### DATASET EXCERPTS

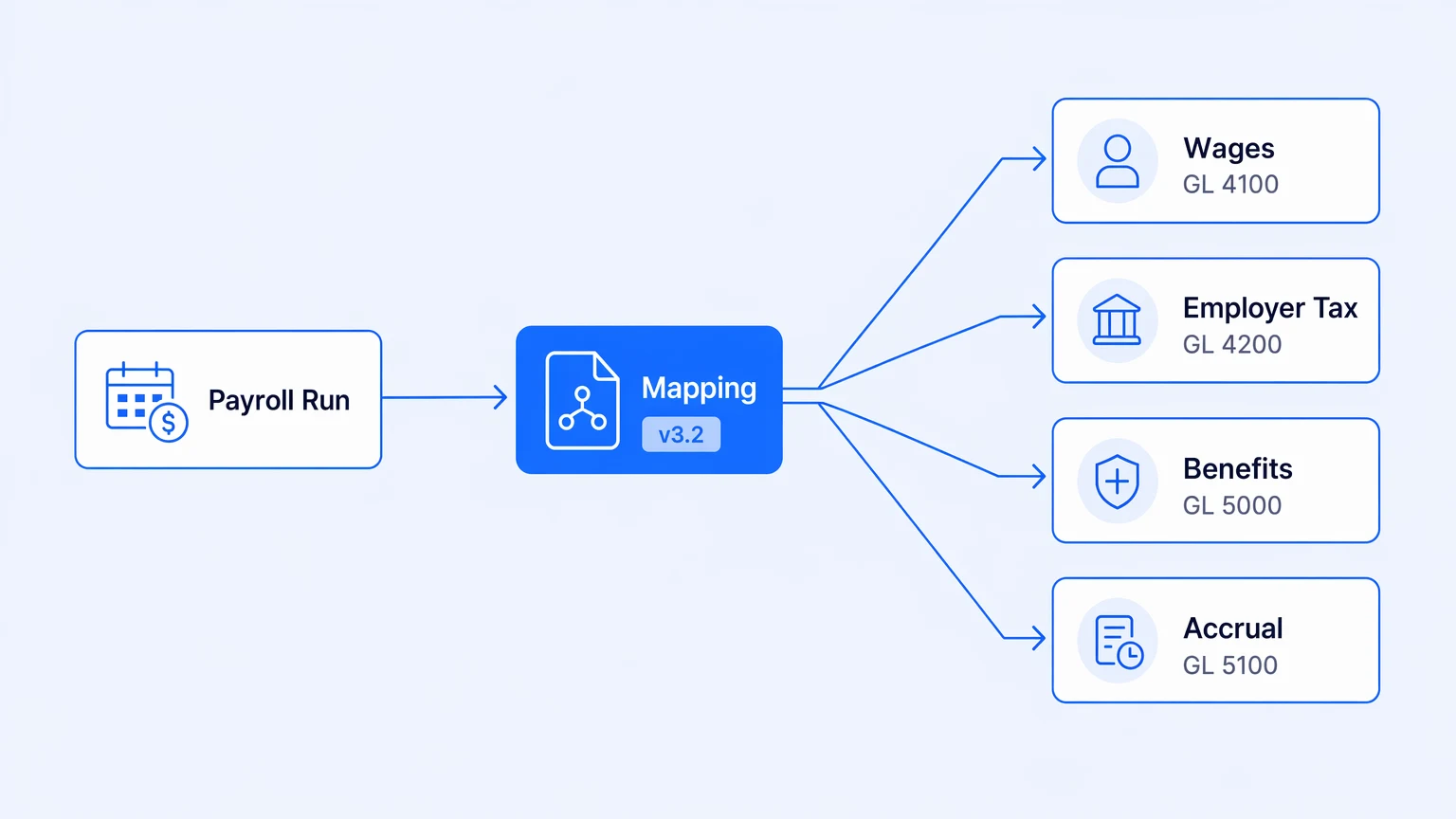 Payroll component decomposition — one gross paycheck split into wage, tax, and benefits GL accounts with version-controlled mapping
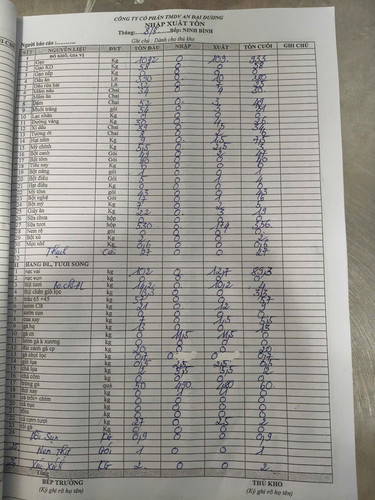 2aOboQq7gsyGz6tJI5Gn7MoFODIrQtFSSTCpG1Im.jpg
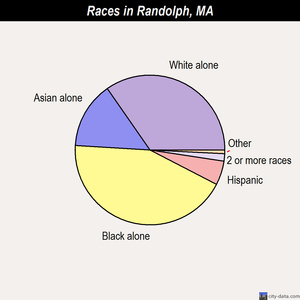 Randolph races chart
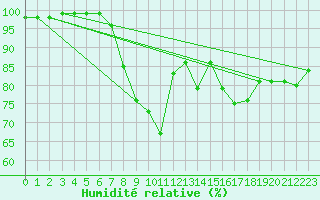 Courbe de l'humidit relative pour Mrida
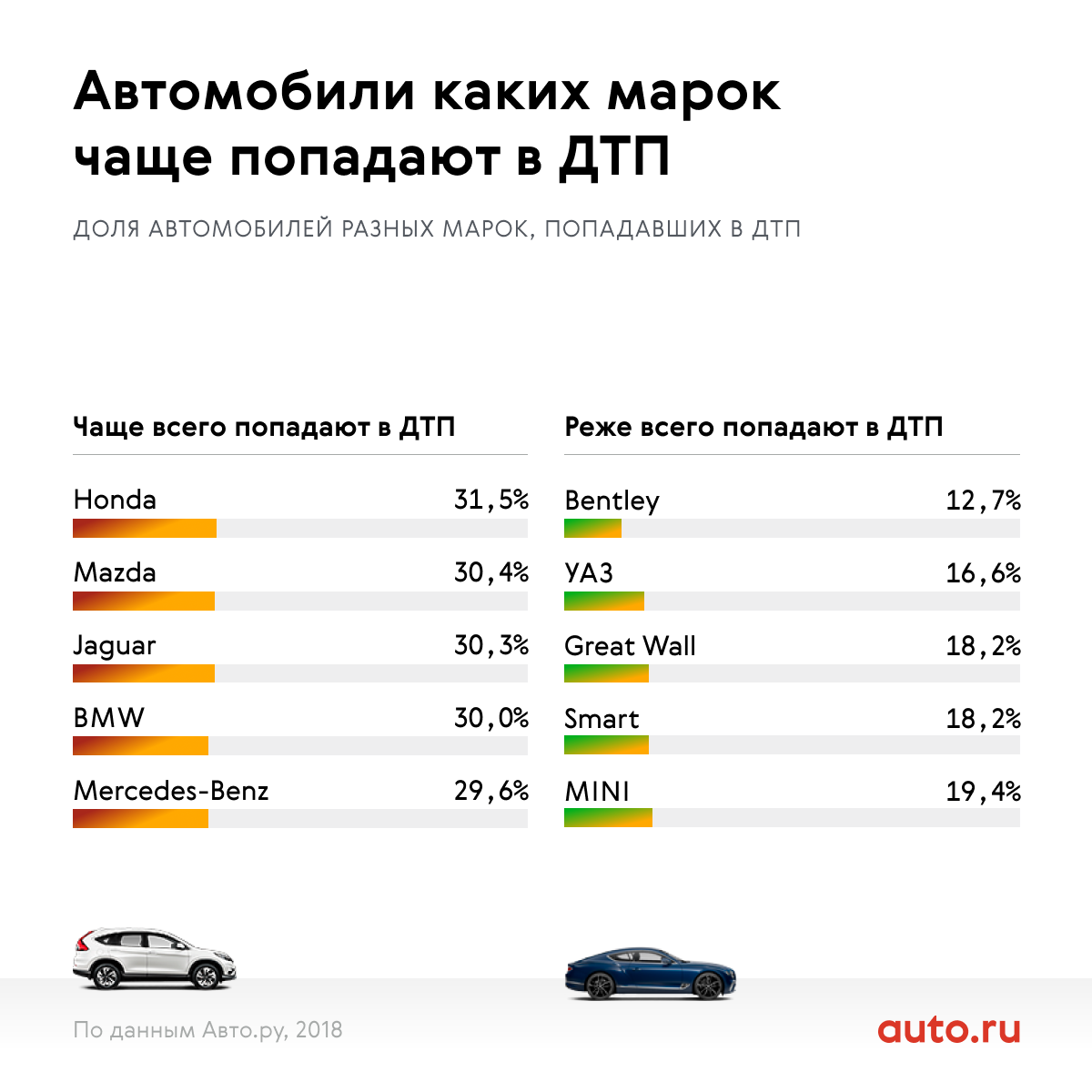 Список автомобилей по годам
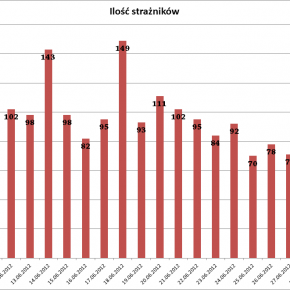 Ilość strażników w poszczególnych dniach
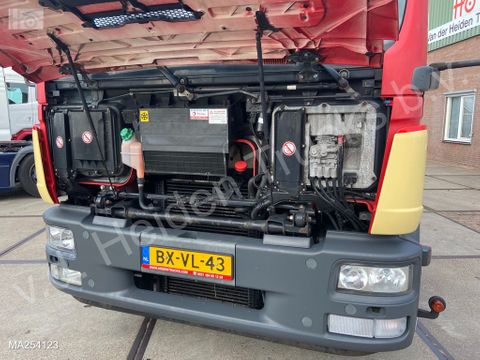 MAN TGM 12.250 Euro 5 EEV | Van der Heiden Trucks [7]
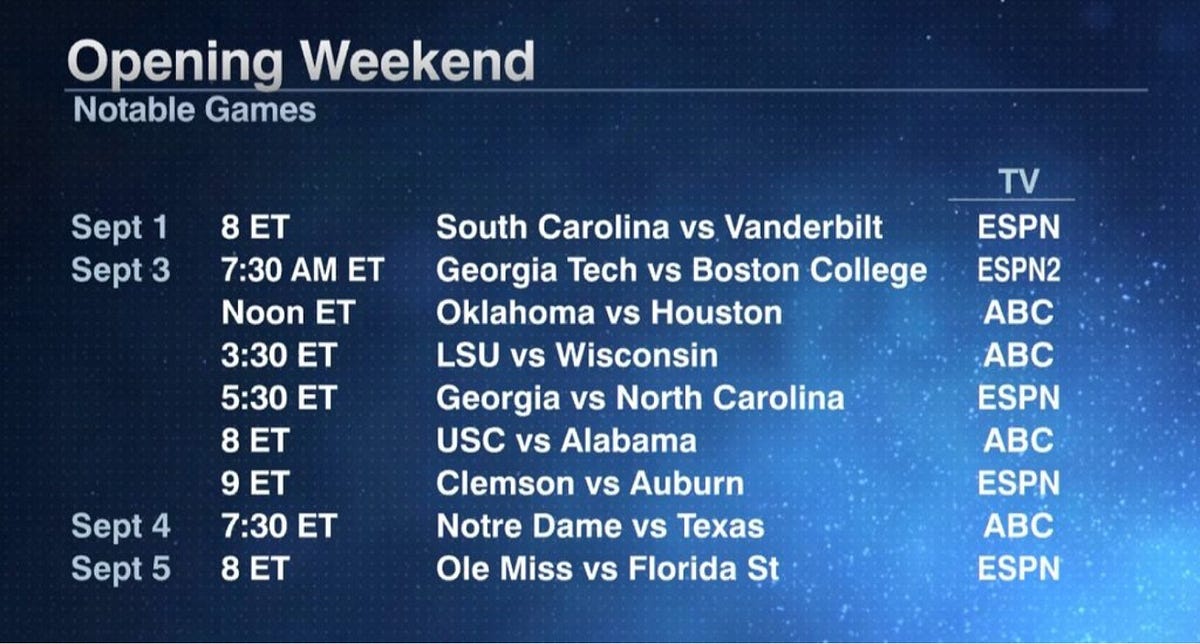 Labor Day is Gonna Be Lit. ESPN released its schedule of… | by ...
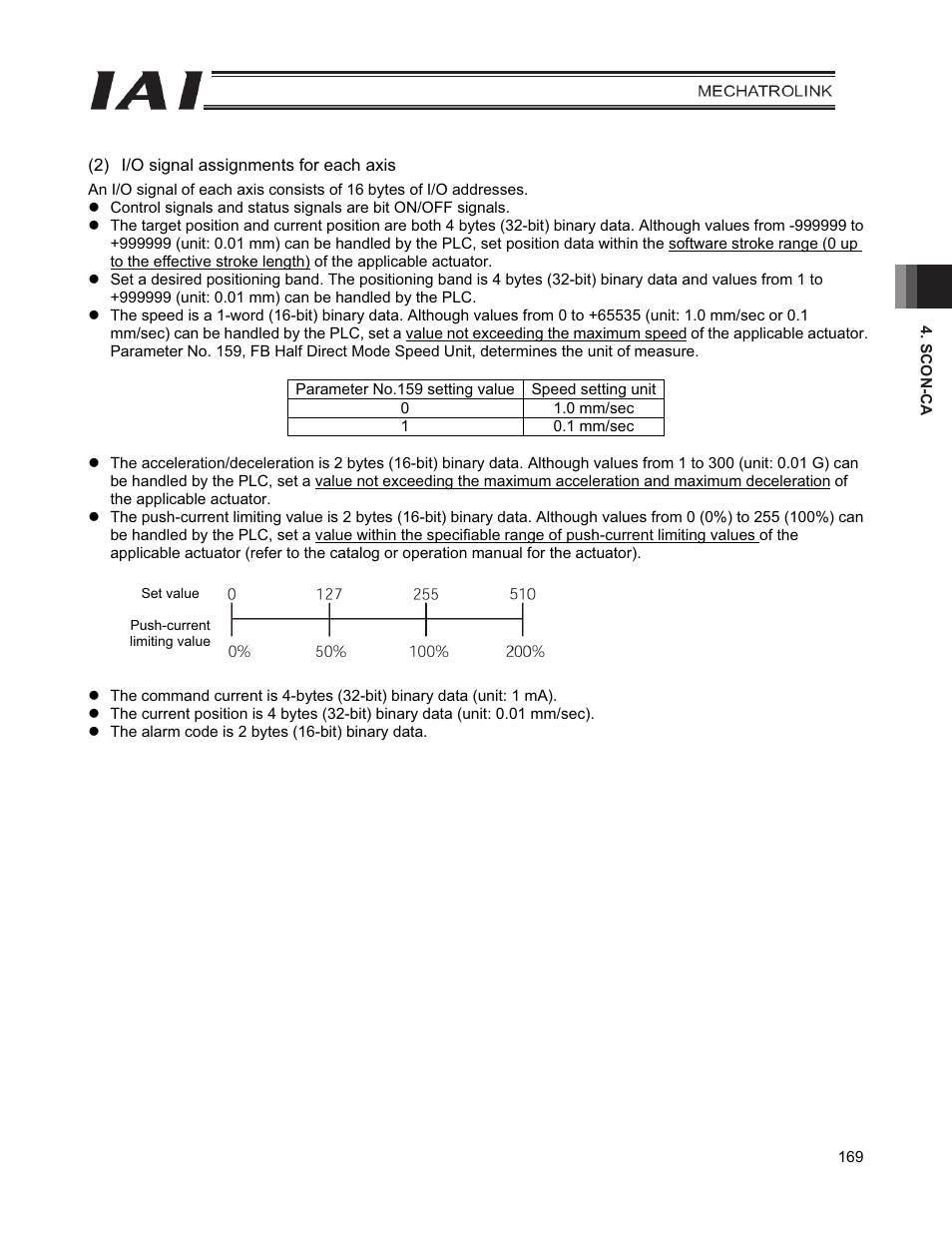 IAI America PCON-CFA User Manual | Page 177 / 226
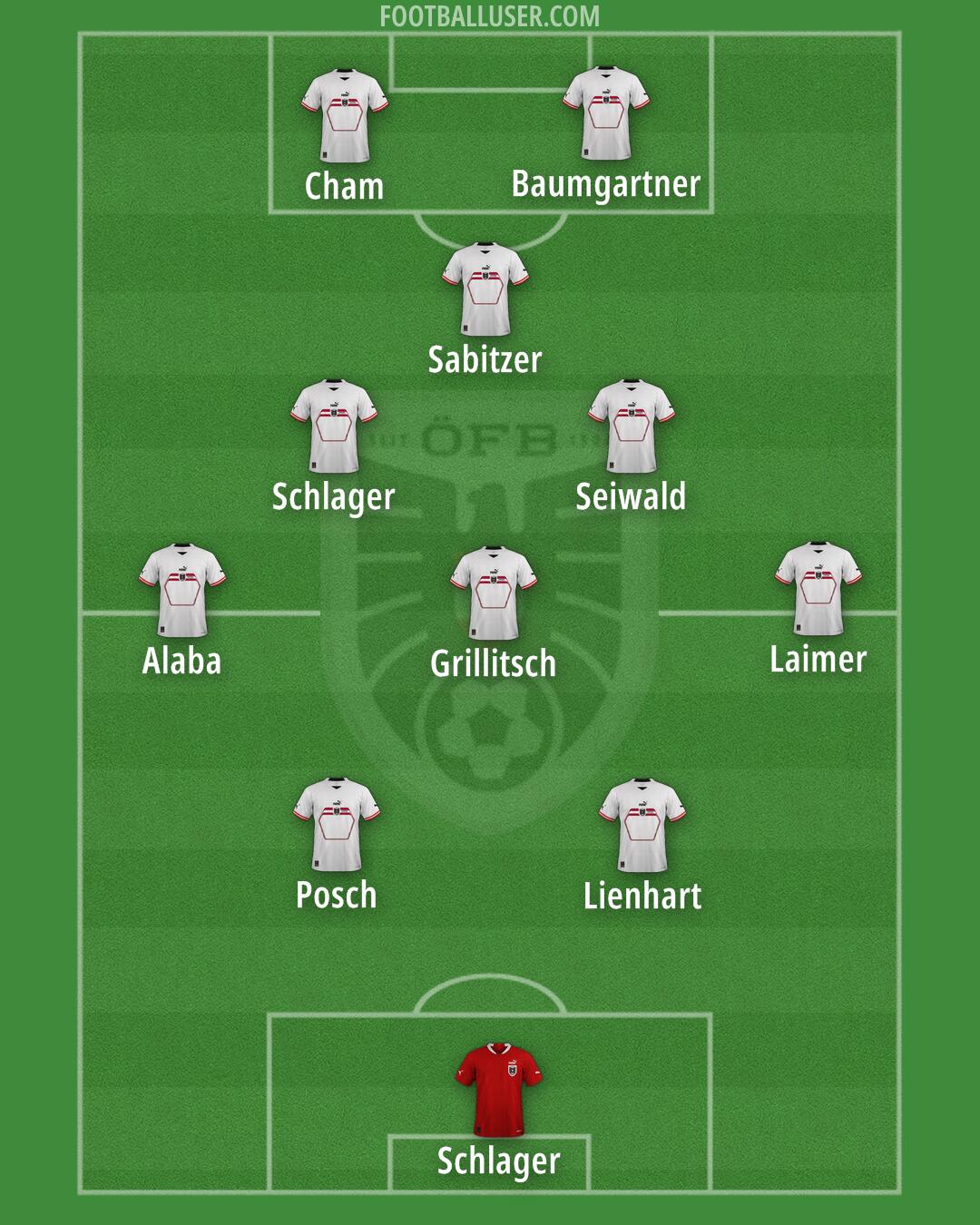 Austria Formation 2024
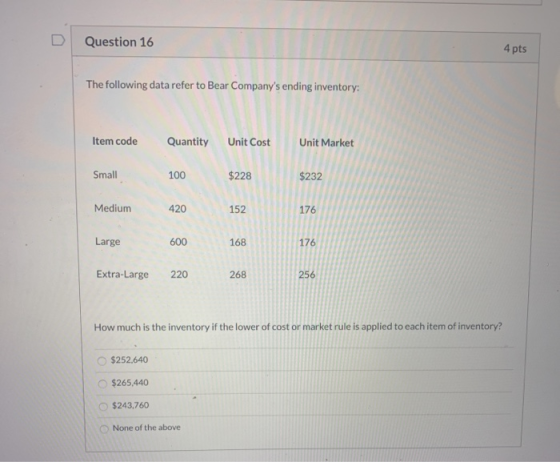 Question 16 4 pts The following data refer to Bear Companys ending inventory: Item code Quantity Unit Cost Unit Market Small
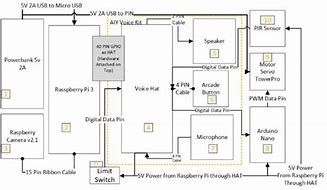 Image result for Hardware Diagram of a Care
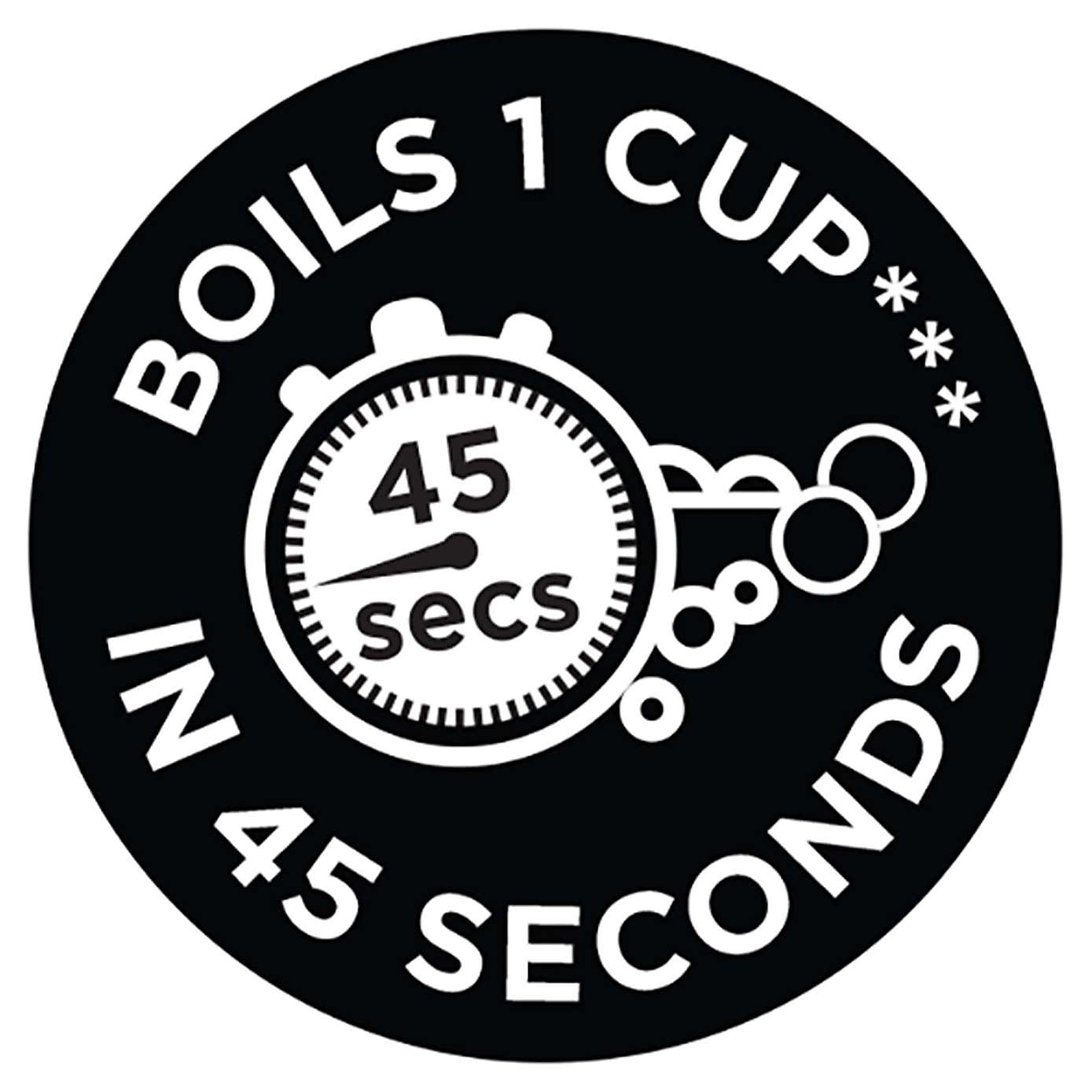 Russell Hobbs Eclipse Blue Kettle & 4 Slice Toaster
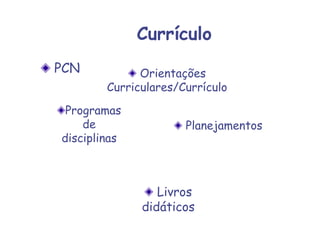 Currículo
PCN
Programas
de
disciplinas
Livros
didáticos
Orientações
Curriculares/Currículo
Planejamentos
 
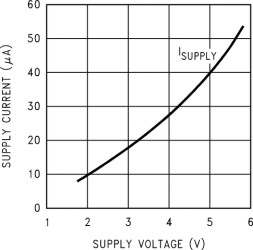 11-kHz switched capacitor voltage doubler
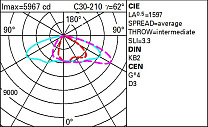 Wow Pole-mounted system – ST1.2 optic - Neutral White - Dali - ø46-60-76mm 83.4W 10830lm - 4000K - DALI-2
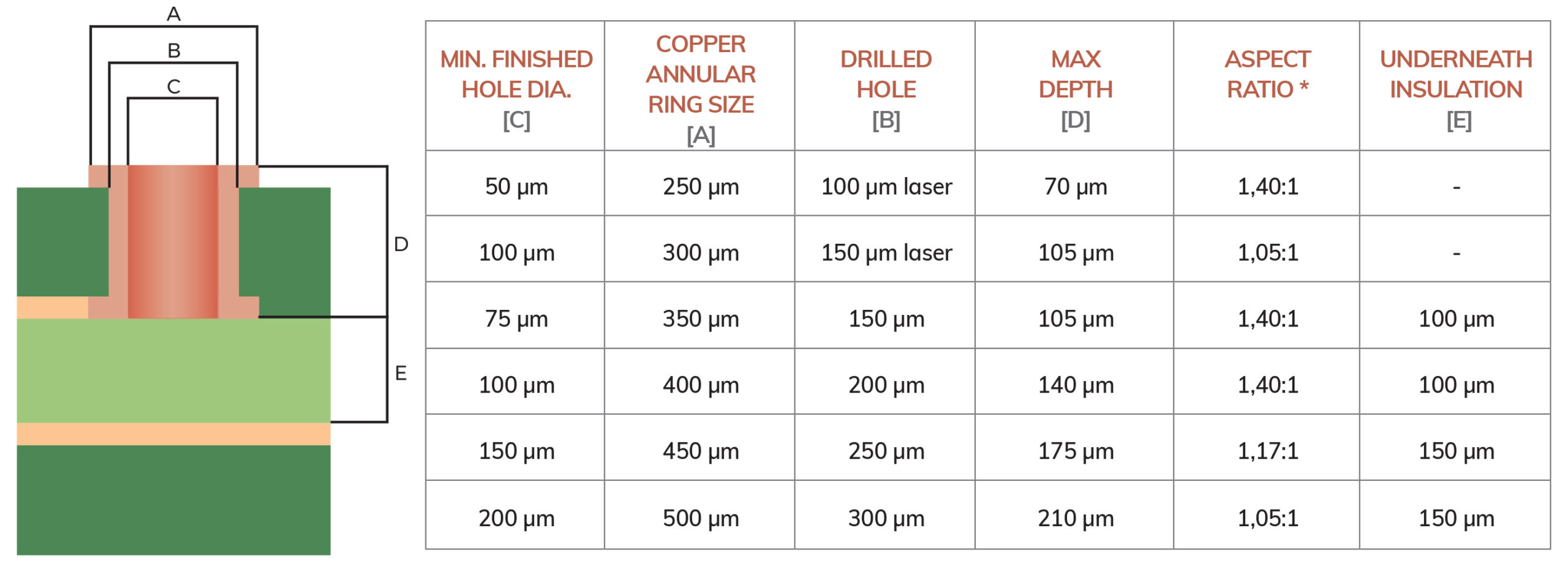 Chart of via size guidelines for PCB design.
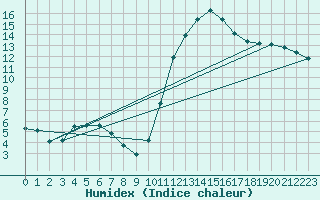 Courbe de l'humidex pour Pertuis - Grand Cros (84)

### WHAT TO PRODUCE
Reproduce each line above exactly, but not a single picture.

### RESPONSE
 Payroll component decomposition — one gross paycheck split into wage, tax, and benefits GL accounts with version-controlled mapping
 2aOboQq7gsyGz6tJI5Gn7MoFODIrQtFSSTCpG1Im.jpg
 Randolph races chart
 Courbe de l'humidit relative pour Mrida
 Список автомобилей по годам
 Ilość strażników w poszczególnych dniach
 MAN TGM 12.250 Euro 5 EEV | Van der Heiden Trucks [7]
 Labor Day is Gonna Be Lit. ESPN released its schedule of… | by ...
 IAI America PCON-CFA User Manual | Page 177 / 226
 Austria Formation 2024
 Question 16 4 pts The following data refer to Bear Companys ending inventory: Item code Quantity Unit Cost Unit Market Small
 Image result for Hardware Diagram of a Care
 Russell Hobbs Eclipse Blue Kettle & 4 Slice Toaster
 Currículo
PCN
Programas
de
disciplinas
Livros
didáticos
Orientações
Curriculares/Currículo
Planejamentos
 
 11-kHz switched capacitor voltage doubler
 Wow Pole-mounted system – ST1.2 optic - Neutral White - Dali - ø46-60-76mm 83.4W 10830lm - 4000K - DALI-2
 Chart of via size guidelines for PCB design.
 Courbe de l'humidex pour Pertuis - Grand Cros (84)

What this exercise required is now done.